Вдруг, отдаленной, разорванной песней донесся желанный гогот гусей, и тут же команда Толи:
 - Не стрелять почем зря! Пусть спустятся!

     На противоположном берегу реки, я узрел нашего егеря, привстал и махнул ему рукой. Бородач в ответ поднял в руке гуся, затем махнул ружьем в сторону неубранной соломы и плюхнувшись туда, скрылся из виду. Прошлогодний полусгнивший стожок оказался неплохим укрытием, во всяком случае, я Толю разглядеть не мог. На краю громадной лужи с одной стороны да поворотного разлива на реке с другой, место егерь выбрал действительно умно. Гуси тянули прямо на нас, важно и неспешно. Я присел в своем укрытии. Сердце неровно колотнуло, когда вожак, а за ним и весь клин, дернулся и пошел на снижение.   Подсознательно, я весь сжался, стараясь даже не дышать. Словно вторя мне, сама природа стихла, на время  стих ветер, и замерло все. Одними глазами я провожал птиц в их стремительном полете. Вот, уже различимы силуэты, видно, как дрожат растопыренные пальцами перья на крыльях гусей. А звук, этот неповторимый, резковатый шорох с присвистом, рвущегося под крылом воздуха, заставил вздрогнуть изнутри все мое естество. Но, далеко...
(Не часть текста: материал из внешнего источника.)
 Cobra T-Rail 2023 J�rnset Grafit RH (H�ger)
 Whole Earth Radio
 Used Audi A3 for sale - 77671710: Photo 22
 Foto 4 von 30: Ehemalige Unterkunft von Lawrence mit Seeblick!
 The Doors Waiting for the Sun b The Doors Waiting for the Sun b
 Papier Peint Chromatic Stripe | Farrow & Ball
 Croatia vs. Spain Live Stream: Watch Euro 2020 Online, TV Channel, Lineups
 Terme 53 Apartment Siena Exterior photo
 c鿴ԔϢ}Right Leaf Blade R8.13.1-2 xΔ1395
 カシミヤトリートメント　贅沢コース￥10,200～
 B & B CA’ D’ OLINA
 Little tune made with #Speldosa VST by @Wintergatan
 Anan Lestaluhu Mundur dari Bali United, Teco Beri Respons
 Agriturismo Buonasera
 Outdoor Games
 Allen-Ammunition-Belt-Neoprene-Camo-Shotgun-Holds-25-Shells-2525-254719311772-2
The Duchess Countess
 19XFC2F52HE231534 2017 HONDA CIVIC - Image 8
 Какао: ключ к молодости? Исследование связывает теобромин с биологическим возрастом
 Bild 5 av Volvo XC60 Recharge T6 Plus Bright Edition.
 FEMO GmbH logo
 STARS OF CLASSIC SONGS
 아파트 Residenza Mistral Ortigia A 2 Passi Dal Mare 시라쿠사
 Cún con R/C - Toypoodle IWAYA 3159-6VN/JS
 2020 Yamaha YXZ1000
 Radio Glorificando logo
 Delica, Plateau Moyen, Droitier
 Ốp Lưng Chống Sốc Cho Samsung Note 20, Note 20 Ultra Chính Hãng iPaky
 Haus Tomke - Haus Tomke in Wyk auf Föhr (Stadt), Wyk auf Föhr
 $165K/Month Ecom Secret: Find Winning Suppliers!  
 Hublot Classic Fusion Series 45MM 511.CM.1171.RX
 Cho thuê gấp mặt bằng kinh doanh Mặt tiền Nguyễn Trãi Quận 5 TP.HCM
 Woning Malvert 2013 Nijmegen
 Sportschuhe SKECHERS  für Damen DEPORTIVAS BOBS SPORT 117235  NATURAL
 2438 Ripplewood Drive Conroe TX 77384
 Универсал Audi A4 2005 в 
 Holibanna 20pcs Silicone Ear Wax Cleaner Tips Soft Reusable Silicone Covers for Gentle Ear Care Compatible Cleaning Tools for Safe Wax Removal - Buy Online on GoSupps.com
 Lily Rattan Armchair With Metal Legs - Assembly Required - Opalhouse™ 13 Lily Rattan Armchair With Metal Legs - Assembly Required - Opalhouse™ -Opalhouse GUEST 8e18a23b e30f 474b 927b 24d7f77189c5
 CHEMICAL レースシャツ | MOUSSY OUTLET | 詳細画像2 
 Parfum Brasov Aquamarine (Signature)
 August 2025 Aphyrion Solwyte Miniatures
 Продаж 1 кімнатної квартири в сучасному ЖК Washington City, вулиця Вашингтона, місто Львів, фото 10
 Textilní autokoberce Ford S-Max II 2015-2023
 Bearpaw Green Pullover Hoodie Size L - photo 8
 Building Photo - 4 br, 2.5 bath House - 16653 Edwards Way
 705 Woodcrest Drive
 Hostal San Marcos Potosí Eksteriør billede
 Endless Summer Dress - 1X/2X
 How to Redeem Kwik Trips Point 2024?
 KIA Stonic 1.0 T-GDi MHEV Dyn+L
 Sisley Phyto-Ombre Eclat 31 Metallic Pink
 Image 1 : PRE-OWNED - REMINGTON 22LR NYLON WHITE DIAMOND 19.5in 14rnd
     Клин, вдруг стушевался, сбился в кучу, и птицы резко стали снижаться, заворачивая от меня. Только б никто не выстрелил!.. Гуси шли по дуге, еще каких-нибудь полкруга и я смогу выстрелить! Да не тут то было. Один за другим, бегло грянули несколько выстрелов и одна из птиц выпала из стаи. Остальная часть гусей как-то стушевалась, и бесформенной кучей стала набирать высоту,  наворачивая таки на меня. Я вдохнул поглубже, выдохнул - волнение вопреки всему наростало. Вот, уже близко! Еще чуточку... Бах! Бах! Грянул Толя из своей копны, окончательно загнав гусей на меня. Я тоже прицелился и лупанул, по конкретно выбранному гусю, тот только качнулся в воздухе из стороны в сторону. Я провел его взглядом и хотел было уже отвернуться, как угловым зрением засек, что птица пошла таки на снижение по той же дуге. Стая набрала высоту и полетела искать другой водоем, а мой гусь зашел на второй круг, неуклонно снижаясь и гогоча. Еще одна птица, словно упала с неба и потянулась следом за первым гусем по кругу. Так перегогатываясь они и долетели до стрелков. Залп! И подраненный мной гусь упал вне пределов видимости, а его спутник снова налетел на нас. Но стрелять ни я, ни Толя не стали - высоко.

     Когда птица показала нам хвост, Толя выскочил из копны и живой пантомимой изобразил: не стреляем, мол, пока гусь не снизится. Я кивнул в знак того, что понял. Постепенно волнение улегалось, я отдышался и уже почти был уверен, что выстрелю получше. Однако птица, вдруг, круто завернула за моей спиной и не пошла по старому кругу, а стала заходить из-за спины на меня. Пролетев надо мной на порядочной высоте, гусь, вдруг, нырнул вниз прямо на Толю. Выстрелов не последовало... Я удивился и приподнялся из крапивы. Теперь наша птица заворачивала сбоку, и вновь мне стрелять далеко, а над Толей в самый раз, и снова егерь не стреляет... Что случилось-то? Гусь зашел на очередной круг, выровнялся и попер на Толю на той высоте, на которой его уже палкой сбить можно. У меня уже сдавали нервы, у егеря тоже, он вскочил на ноги прямо перед гусем и заорал благим матом:
 - Да достал ты меня уже! - поднял ружье и выстрелил. Птица упала прямо к его ногам. Бородач с недовольной миной на лице подошел к гусю, поднял его и, повернувшись ко мне, крикнул с досадой:
 - Я ж хотел, чтоб он на тебя налетел! А ему тут, как медом помазано, вот и не выдержал! Все, пошли к машине, здесь больше лета не будет!
Сошлись на шлюзовом мостке реки.
 - Ну ты даешь, Толя! Надо было сразу стрелять,- выдохнул я, - как тебе там, в стогу терпелось-то столько раз?!
 - Видишь - недотерпелось! А думал на тебя налетит, у меня ж гусь уже есть! Ну, идем, бог с ними с гусями - день еще длинный.
 - Дай хоть гляну, каков он из себя этот гусь? - протянул я руку к трофеям.
 - Во-во, хоть нести поможешь, а то тяжеленные, черти! - ответил Толя, передавая мне свой груз.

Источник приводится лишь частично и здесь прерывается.